Having a few spelling errors or a rough-around-the-edges look certainly does not invalidate all the great content in a proposal. Or does it? After all, you should be graded based on the virtues of your approach and price. Most of the time, the evaluation criteria don’t mention grammar and spelling, and many Requests for Proposal specifically ask to avoid elaborate presentation.
The problem is evaluators are only human. Half of them may not be wired to notice your errors and imperfections in desktop publishing or graphics, but the other half are. These evaluators will take offense at your alleged sloppiness and lack of attention to detail. They will make a leap and deduce that your proposal writers’ typos somehow are reflective of your future poor performance.

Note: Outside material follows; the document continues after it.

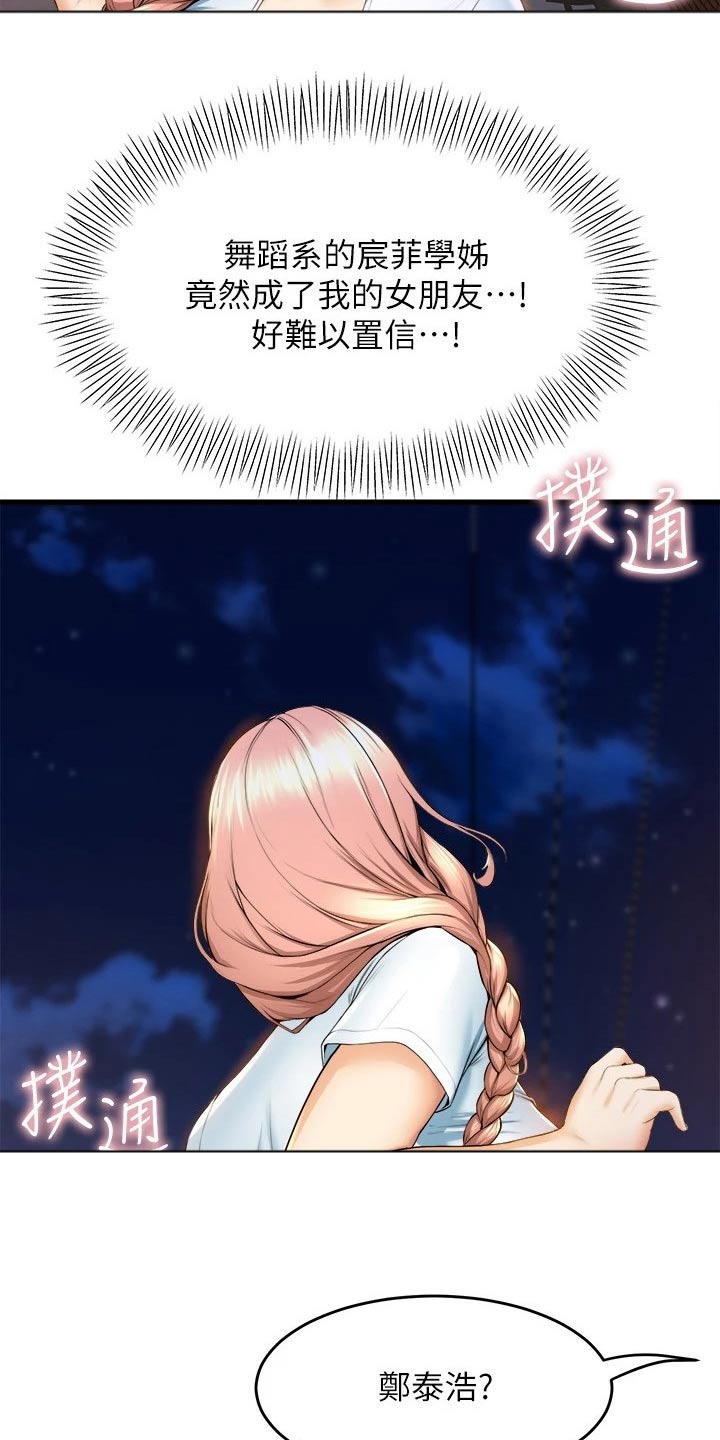 《独木难支》漫画最新章节第58章：朋友免费下拉式在线观看章节第【13】张图片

They may deem you untrustworthy when your graphics appear to be borrowed from several different proposals, and scuff if your paragraphs have unequal spacing. Subconsciously, they may decide that you are not particularly professional, educated, or don’t possess other virtues they believe someone they would do business with should exhibit.
So, no matter how hard you work, all your blood, sweat, and tears will not lead to contract award-unless you go through the steps of thoroughly polishing your proposal like a car enthusiast would a Corvette prior to a car show.
- The first step is to eschew grammar and spelling errors. This means editing your proposal multiple times in every possible way: electronically, in hard copy, on screen using a projector, and by reading out loud. Scrub, scrub, scrub-and when you are absolutely done scrubbing, scrub some more. Editing requires multiple passes, not just once prior to shipping. Every time you comb through the document, you will find only a certain percentage of errors. With each subsequent pass, you will find more.
- You also want to be consistent in the appearance of your graphics. All your proposal visuals have to have the same palette, shapes, and fonts. Consistency breeds trust, whereas having your graphics look like you “Frankensteined” your proposal piece by piece, will have just the opposite effect. You want the evaluators to trust you implicitly, so matching graphics is a worthwhile investment.
- Spend the time to lay out your proposal document properly. This means a clean look with equal paragraph and text spacing, matching fonts, bullets in a consistent format, all the graphics lining up correctly, no headings at the bottom of the page while the section starts at the next, and so on.
- Research shows that double-column and single-column layouts are equally readable if your proposal has graphics. If your customer hasn’t indicated a preference, it is easier to use a single-column format. If you have a complex layout with multiple sections or double-sided pages, a professional desktop publisher should help you with production. Government contractors rely on consultants or in-house desktop publishers to make proposals attractive.
- You also want to prepare a proper proposal cover. The cover images should be reflective of your customer, rather than your brand. It sends a subliminal message that you are customer-focused, understand them, and belong. When you are just starting out, it is forgivable to have a generic cover instead of an expensive custom cover for each proposal. As you grow, however, you should invest in having a graphic artist create a special cover for each large and highly contested pursuit-just as your competitors, no doubt, would do.
The competition for government contracts is steep, and in this budget-tight environment it is only going to get more competitive. Winning requires pulling all the stops and doing everything within your power to make your offers more compelling. Instead of letting errors and appearance flaws detract from your credibility, invest in polishing your proposal to engender instant trust.